-- THE RECORDS follows --
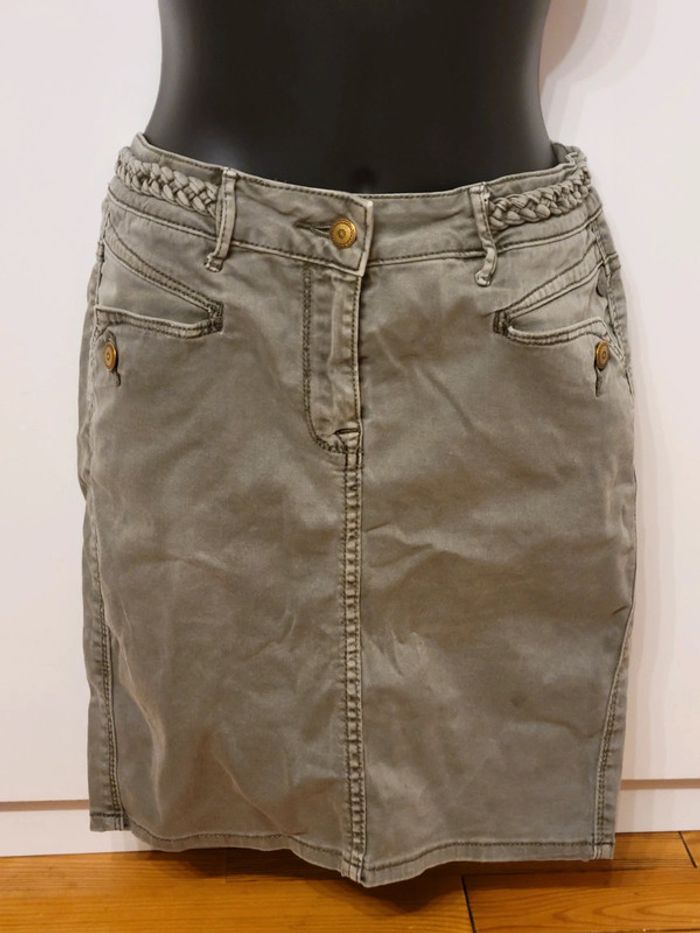 Jupe en jeans grise taille 36 en 98% Coton marque Bonobo Jeans tressée - photo numéro 2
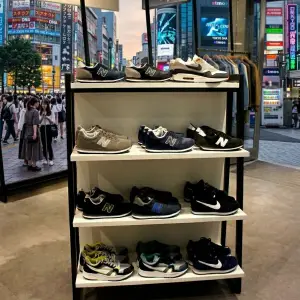 Rak Display Besi Kayu 4 Susun Rangka Trapesium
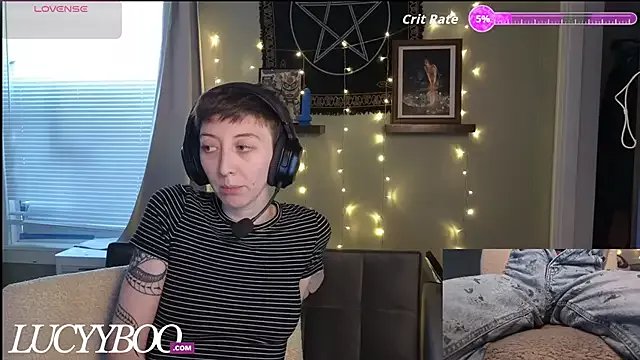 Freechat lovelylucyy on StripChat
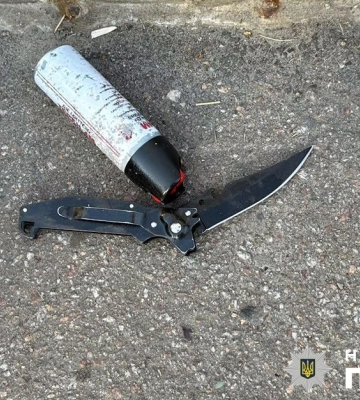 У Полтавській громаді затримали чоловіка за напад на поліцейських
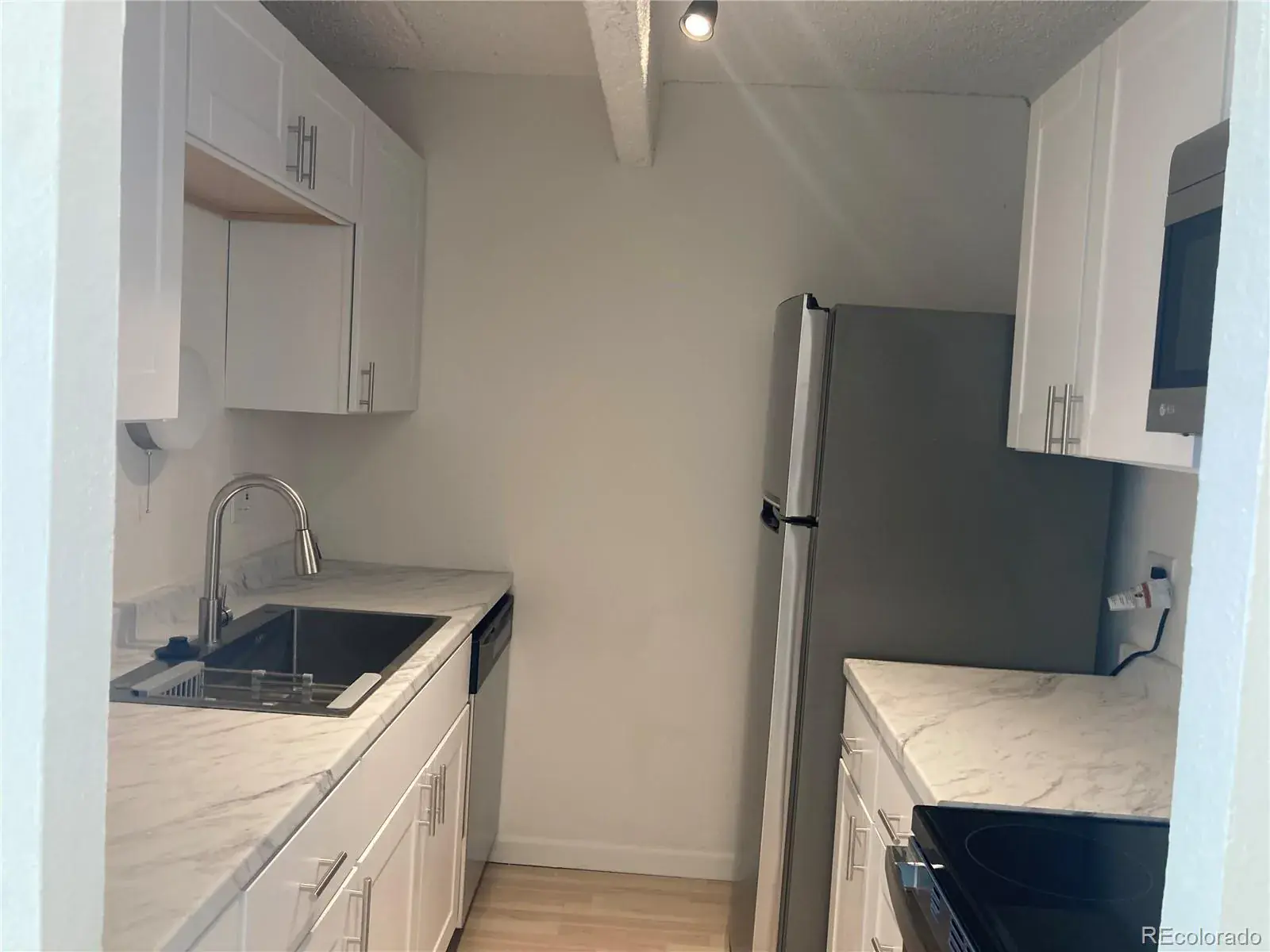 8060 E Girard Avenue #805 Denver CO 80231 MLS #REC3746757 02162026215952 1600 3
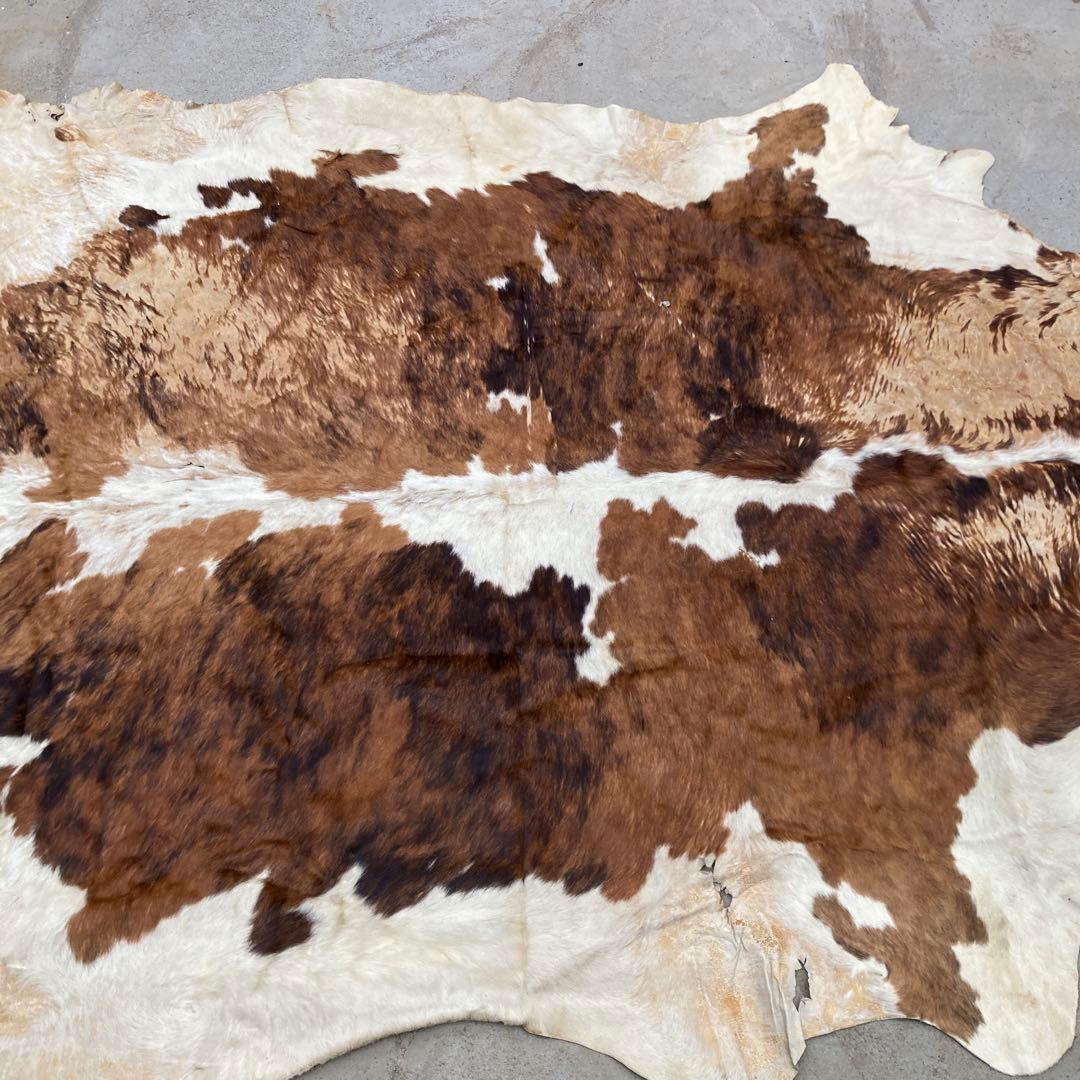 コ*中様 一頭分 牛革 本革 毛皮ラグ ハラコ カウラグ 約230×170cm
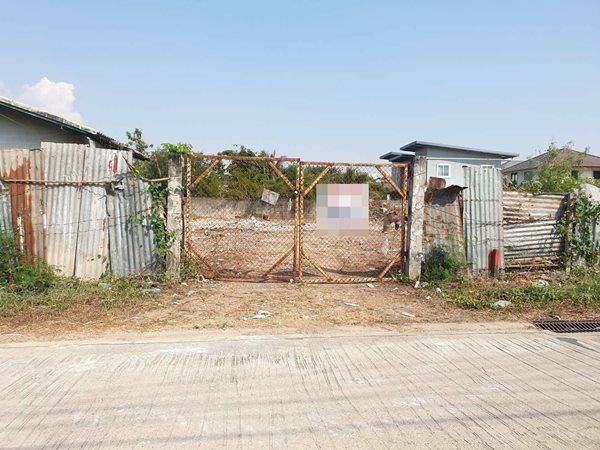 ขายที่ดิน - ขายที่ดิน ราคาถูกมาก ในซอยพุทธมณฑลสาย2 แยก11 เนื้อที่ 178 ตารางวา อยู่ริมถนนสาธารณะ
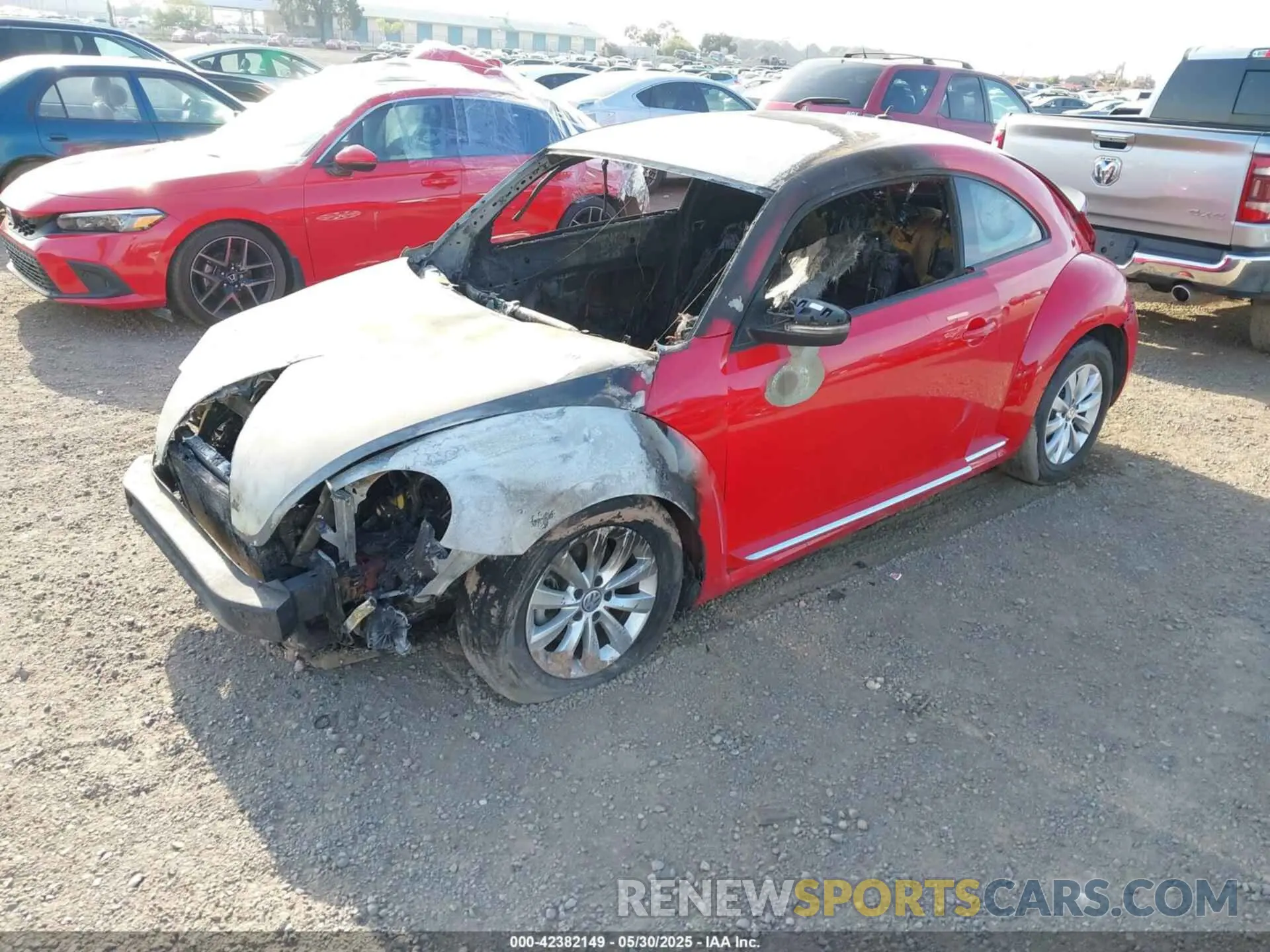 2 fotografías del automóvil dañado 3VWFD7AT0KM705118 VOLKSWAGEN BEETLE 2019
-- THE RECORDS concluded --
* EXERCISE INSTRUCTIONS *
An exact transcript is required, covering the lines from the one containing "8060 E Girard" through the end of the listing above, inclusive, without pictures.

* SOLVED EXERCISE *
 8060 E Girard Avenue #805 Denver CO 80231 MLS #REC3746757 02162026215952 1600 3
 コ*中様 一頭分 牛革 本革 毛皮ラグ ハラコ カウラグ 約230×170cm
 ขายที่ดิน - ขายที่ดิน ราคาถูกมาก ในซอยพุทธมณฑลสาย2 แยก11 เนื้อที่ 178 ตารางวา อยู่ริมถนนสาธารณะ
 2 fotografías del automóvil dañado 3VWFD7AT0KM705118 VOLKSWAGEN BEETLE 2019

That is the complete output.